Interactive Floorplan - Ground floor
Amersham bus garage model
This model was made by local man Mark Adlington. The bus garage was extensive, with space for 54 buses. It was partially destroyed when Tesco petrol station was built at the bottom of Gore Hill. Part remains today as B & M Motors.
The museum’s two long-case clocks were made in Amersham by the Rogers family in the 18th century.
London Transport Amersham sign
This sign was found hanging in a barn in Wiltshire. The owner had saved it from destruction when the signs were redesigned (with small modifications) in 1990.
Goya manufactured toiletries in the old Weller brewery buildings on Church Street from 1946 to 1985.
George Ward photographs
George Ward’s photographs of Amersham and the surrounding area, taken between 1880 and 1930, are the most significant collection of photographs in the museum’s collection.
London Transport posters
The museum was recently given two posters by the London Transport Museum.

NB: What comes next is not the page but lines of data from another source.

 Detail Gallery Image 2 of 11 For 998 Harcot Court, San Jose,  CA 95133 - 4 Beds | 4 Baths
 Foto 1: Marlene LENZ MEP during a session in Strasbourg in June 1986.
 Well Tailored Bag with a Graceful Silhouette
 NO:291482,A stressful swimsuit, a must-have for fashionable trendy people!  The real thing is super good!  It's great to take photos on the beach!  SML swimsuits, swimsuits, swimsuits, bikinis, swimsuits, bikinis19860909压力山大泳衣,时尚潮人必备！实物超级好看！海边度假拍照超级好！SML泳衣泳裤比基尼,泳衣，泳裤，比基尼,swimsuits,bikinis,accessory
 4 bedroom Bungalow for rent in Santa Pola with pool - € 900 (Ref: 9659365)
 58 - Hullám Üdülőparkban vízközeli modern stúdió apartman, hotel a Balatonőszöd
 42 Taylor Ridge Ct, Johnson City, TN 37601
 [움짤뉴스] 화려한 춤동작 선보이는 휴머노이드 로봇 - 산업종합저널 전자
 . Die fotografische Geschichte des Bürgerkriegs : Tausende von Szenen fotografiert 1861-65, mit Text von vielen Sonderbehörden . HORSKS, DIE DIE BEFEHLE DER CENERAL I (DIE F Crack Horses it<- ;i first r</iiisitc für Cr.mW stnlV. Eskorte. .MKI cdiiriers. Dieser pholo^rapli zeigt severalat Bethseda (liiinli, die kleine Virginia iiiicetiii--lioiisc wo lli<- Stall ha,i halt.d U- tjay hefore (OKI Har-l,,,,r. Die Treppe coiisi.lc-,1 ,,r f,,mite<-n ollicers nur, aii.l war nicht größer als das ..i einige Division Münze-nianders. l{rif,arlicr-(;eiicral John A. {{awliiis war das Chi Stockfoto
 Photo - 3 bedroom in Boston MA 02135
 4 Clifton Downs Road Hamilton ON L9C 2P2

This poster, Away by Metropolitan, was designed by artist Graham Sutherland and published in 1936.
The touchscreen computer provides access to the museum’s substantial collection of photographs. Copies of photographs can be ordered for a small fee.
The museum sells a selection of local history books.
The touchscreen has a selection of oral history clips, films and music and access to the amershamhistory.info Web site.
G. Brazil & Co. and Bowyers
Where the supermarket now stands, there was a meat processing factory owned by G. Brazil and Company. Local residents remember pigs being herded down the hill along Station Road during the time of WW2. G. Brazil and Co. merged with Bowyers in 1970. Bowyers continued to make sausages and award-winning black pudding until the 1980s.
Making leather boots and shoes is a skilled job which requires many pieces of leather to be measured, cut and sewn precisely, to be sure that there is a good fit. The local shoemaker who worked in Amersham used to use shoe stretchers to make little adjustments to the fit.
Ladies Dressing tools
At the turn of the century, ladies’ fashion utilised some tools which we still use today, but there are others which have not stood the test of time. In this case you can see many items used for dressing, like this curling tong and this glove stretcher.
Amersham was once inhabited by Romans, and in archaeology there are traces of a villa – a large, wealthy household. Very fine tableware has been found in the area, including this brass bowl. Once a polished, shining piece of tableware, this bowl appears to have been well loved for a long time. It has been repaired with brass rivets, not an uncommon practice among Romans.